■ Exercise description
A verbatim copy of all the data is required; the pictures should not appear in it.

Start of Material provided

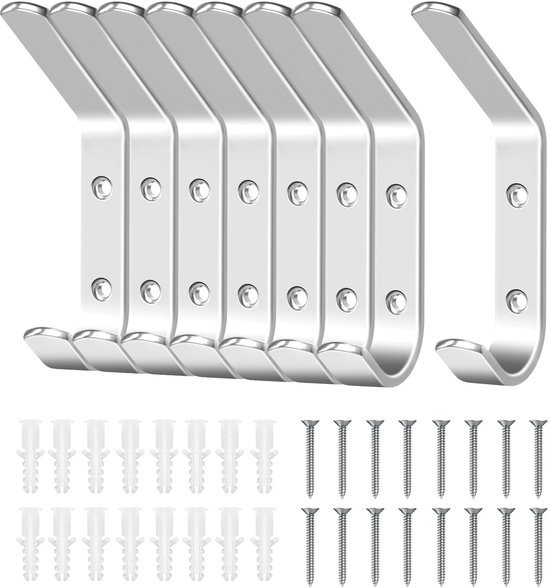 550x588-22.jpg Unyqoos® Set van 8 veelzijdige zilverkleurige wandhaken voor diverse ruimtes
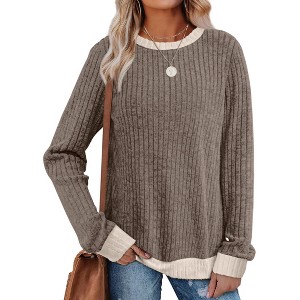 Women's Long Sleeve Color Block Tunic Sweater Tops Lightweight Loose Fit Fall Casual Crewneck Shirts - 1 of 4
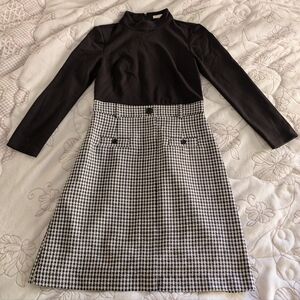 Nordstrom 1901 Mockneck Long Sleeve  Black White Houndstooth Dress Sz 4
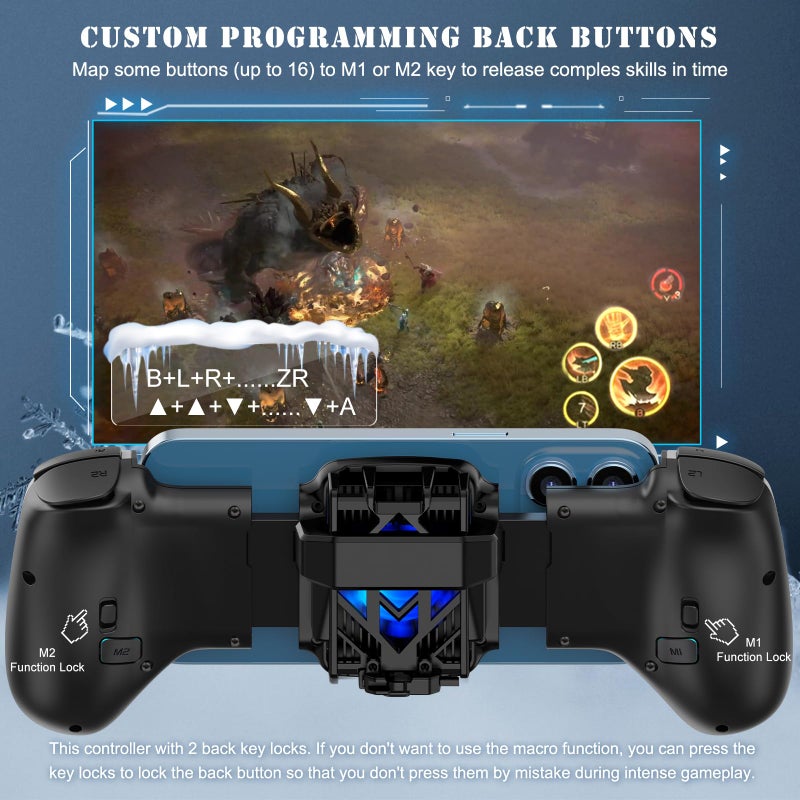 Koiiko Wireless Gamepad Controller for iPhone iOS Android Switch PC with Cool Conduction Plate RGB Cooling Fan, Phone Controller Joystick for iPhone 16/15/14/13, Samsung, LG, Google, Turbo/Macro Function, COD - Image 5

End of Material provided

■ Answer section
 550x588-22.jpg Unyqoos® Set van 8 veelzijdige zilverkleurige wandhaken voor diverse ruimtes
 Women's Long Sleeve Color Block Tunic Sweater Tops Lightweight Loose Fit Fall Casual Crewneck Shirts - 1 of 4
 Nordstrom 1901 Mockneck Long Sleeve  Black White Houndstooth Dress Sz 4
 Koiiko Wireless Gamepad Controller for iPhone iOS Android Switch PC with Cool Conduction Plate RGB Cooling Fan, Phone Controller Joystick for iPhone 16/15/14/13, Samsung, LG, Google, Turbo/Macro Function, COD - Image 5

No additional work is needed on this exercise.